Columna vertebral

La Tierra tiembla, La Tigra ruge

Rubén Mendoza
28 de febrero de 2019 - 05:00 a. m.

En un puntico de la tierra sucedió magia cierta, mientras un concierto de mentiras se consagraba en la frontera.

Dentro de toda la mugre que este pueblo resiste sin apenas quejarse, así le rompan las promesas de campaña en la cara, no más subir al cargo, buscaba afanosamente algo por rescatar al final del año, para hacerle frente a la depresión de estos 100 años de retroceso que hemos vivido con el nuevo gobierno. La única esperanza que encontré fue la lucha titánica que dieron los estudiantes. Cara como un ojo de la cara. Barata o nula para nuestros gobernantes, como un ojo de la cara ajeno, de cualquiera, de un estudiante, de un súbdito.

¡Vivan los estudiantes! La única esperanza, la única luz y mecha de fin de año. Y que sigan viviendo, y que sigan molestos porque sabemos que la palabra de este Gobierno no dura sino el afán de apagar el incendio: así sea con sangre.

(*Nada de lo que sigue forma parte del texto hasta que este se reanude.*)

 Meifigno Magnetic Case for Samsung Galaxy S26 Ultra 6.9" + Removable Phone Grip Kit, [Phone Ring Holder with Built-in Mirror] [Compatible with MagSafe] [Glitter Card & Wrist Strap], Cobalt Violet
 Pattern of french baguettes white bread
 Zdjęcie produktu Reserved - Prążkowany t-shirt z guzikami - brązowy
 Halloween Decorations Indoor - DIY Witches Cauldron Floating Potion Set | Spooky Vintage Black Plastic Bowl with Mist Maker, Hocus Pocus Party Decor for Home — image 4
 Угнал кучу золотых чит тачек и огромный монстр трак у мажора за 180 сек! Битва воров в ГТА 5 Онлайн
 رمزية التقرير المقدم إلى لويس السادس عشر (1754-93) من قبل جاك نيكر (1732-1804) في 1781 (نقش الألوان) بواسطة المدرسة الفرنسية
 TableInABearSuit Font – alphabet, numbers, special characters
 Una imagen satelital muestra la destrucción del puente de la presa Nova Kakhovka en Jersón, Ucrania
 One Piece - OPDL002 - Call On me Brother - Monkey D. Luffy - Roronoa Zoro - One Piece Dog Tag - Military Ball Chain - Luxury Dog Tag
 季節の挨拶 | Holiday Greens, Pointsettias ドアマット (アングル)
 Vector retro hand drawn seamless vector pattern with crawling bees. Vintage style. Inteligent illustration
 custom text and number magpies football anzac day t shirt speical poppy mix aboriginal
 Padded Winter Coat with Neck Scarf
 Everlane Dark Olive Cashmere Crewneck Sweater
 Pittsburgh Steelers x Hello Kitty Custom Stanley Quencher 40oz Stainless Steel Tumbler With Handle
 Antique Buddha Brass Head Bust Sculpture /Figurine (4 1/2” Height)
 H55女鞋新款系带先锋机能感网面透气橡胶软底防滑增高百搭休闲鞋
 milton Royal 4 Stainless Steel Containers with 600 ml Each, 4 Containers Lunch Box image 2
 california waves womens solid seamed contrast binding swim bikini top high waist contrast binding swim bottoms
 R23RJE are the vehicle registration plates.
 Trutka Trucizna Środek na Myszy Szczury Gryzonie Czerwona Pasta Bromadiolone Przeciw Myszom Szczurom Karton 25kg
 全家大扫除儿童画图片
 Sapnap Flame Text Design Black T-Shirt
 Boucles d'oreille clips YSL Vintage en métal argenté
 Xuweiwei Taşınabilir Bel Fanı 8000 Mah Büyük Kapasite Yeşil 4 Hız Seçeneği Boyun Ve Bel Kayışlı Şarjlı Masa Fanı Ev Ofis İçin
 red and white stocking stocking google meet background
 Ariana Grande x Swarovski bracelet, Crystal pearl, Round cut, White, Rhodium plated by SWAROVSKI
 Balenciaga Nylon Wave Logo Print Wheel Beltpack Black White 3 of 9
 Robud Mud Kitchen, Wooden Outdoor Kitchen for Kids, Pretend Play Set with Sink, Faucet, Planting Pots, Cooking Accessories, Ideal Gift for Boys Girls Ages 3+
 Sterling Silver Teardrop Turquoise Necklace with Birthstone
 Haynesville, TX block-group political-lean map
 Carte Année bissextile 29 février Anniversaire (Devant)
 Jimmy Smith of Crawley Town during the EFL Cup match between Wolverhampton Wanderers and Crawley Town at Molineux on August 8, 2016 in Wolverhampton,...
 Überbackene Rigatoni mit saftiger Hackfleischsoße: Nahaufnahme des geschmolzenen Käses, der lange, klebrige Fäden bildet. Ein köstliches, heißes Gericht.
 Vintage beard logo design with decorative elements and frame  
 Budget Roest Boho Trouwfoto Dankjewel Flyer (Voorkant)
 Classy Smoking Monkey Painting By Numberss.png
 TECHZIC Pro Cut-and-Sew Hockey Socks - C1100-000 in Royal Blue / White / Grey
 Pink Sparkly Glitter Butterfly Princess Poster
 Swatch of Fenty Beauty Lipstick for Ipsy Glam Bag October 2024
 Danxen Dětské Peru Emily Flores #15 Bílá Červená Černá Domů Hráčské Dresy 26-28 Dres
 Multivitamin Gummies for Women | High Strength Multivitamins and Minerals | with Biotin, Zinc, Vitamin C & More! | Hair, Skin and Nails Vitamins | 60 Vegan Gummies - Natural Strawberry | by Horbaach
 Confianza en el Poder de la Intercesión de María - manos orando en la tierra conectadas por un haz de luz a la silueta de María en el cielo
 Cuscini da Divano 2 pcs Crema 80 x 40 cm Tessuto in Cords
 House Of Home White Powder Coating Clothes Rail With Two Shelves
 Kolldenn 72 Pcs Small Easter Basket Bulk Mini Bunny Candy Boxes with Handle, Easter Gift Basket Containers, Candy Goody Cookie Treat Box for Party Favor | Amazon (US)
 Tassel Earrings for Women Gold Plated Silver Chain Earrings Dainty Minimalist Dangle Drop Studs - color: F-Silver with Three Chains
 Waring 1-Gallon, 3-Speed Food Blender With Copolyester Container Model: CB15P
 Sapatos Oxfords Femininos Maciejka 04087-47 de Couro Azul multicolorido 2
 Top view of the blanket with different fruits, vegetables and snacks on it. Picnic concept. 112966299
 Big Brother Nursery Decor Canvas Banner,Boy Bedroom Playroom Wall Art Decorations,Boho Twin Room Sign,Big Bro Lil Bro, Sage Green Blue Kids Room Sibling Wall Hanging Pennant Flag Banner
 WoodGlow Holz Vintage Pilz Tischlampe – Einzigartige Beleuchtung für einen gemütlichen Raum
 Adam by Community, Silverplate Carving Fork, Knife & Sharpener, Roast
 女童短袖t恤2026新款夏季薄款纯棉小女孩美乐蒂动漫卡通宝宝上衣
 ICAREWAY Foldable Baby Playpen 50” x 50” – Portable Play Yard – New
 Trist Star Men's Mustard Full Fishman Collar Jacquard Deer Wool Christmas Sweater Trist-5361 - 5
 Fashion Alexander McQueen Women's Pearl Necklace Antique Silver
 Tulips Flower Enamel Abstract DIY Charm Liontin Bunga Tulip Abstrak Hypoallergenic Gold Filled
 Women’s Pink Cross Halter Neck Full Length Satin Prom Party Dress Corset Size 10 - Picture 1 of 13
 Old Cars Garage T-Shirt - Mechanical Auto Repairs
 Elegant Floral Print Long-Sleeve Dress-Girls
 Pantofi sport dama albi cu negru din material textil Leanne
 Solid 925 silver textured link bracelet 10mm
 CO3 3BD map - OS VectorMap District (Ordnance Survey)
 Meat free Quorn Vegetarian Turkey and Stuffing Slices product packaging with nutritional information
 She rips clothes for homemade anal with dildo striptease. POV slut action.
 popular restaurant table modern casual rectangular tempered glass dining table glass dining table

Pero empezó el año y las estadísticas empeoraban. A este país que le enseñaron a la brava y aprendió reclinado en su ignorancia que pensar en el bien común es un error; que llevar una camiseta en contra de la guerra es una razón para darle muerte al portador. Que la diferencia se aniquila, no importa si hay que inventarse los muertos y disfrazarlos de lo que toque, no importa que haya que exterminar un partido entero, un movimiento ciudadano, miles… cada tantas pocas horas un líder social muerto. “Líder social” son dos palabras que huelen feo, fastidian, se leen en Colombia como quien decodifica con palabras un mosquito insoportable en el oído: que cada líder y sus familias antes más bien agradezcan que no lo mataron antes.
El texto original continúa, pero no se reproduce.